Interactive Wall, Touted As World’s Largest, Switches On At Riyadh Rail Hub

October 3, 2018 by Dave Haynes

This is what’s being billed as the largest interactive video wall on the planet – set in a rail hub in Riyadh, Saudi Arabia.

The project was put together for the Saudi Arabia Railway (SAR) by the huge Spanish integrator Trison. The job required a curved interactive screen that would be 37 meters wide and 1.2 meters high. Trison’s techs used 54 LG 55-inch high-bright, thin-bezel LCD monitors, stacked one atop another.

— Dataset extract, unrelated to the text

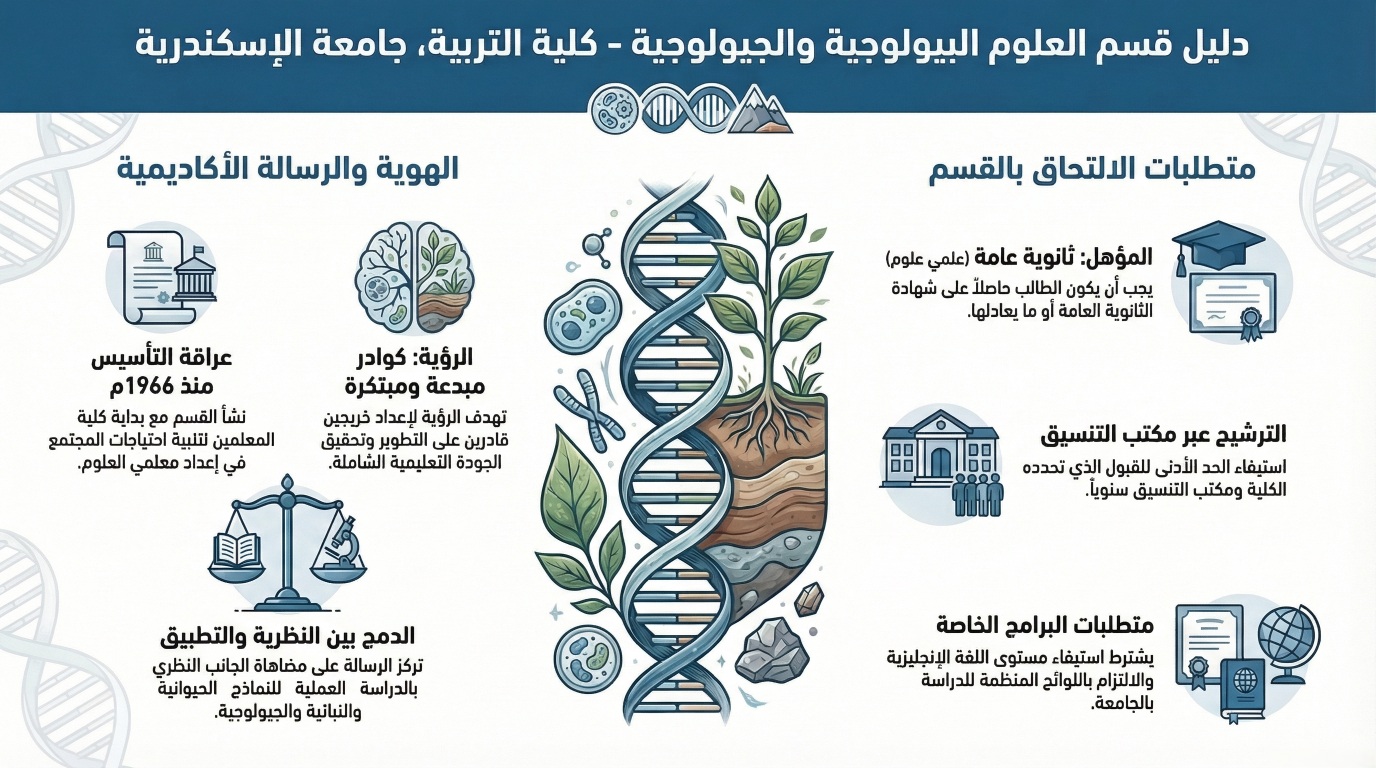 أنفوجرافيك - قسم العلوم البيولوجية والجيولوجية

The resulting 51,840 by 2,160 pixel canvas shows the development of the ambitious high-speed railway that now connects major centers in the country. Details are a bit scant on how the touch is done, but there are multiple interaction points and it looks like there are camera-based sensors looming over top of the wall which can trigger content as people walk by.

The structure was built in Spain and shipped to Riyadh.

Very impressive, in a money-is-no-object kind of way. You need big visuals like this to fill a cavernous space like that rail terminal, which is roughly a billion times nice than anything you’ll find in North America or Europe. Given it is Saudi Arabia, you’d kind of expect this to be done these days with fine-pitch LED. But interactive is NOT something that LED can deliver, at least not right now.

There’s always a set of screens, somewhere, that’s bigger, so not sure if this is really the largest in the world. But it certainly qualifies as big.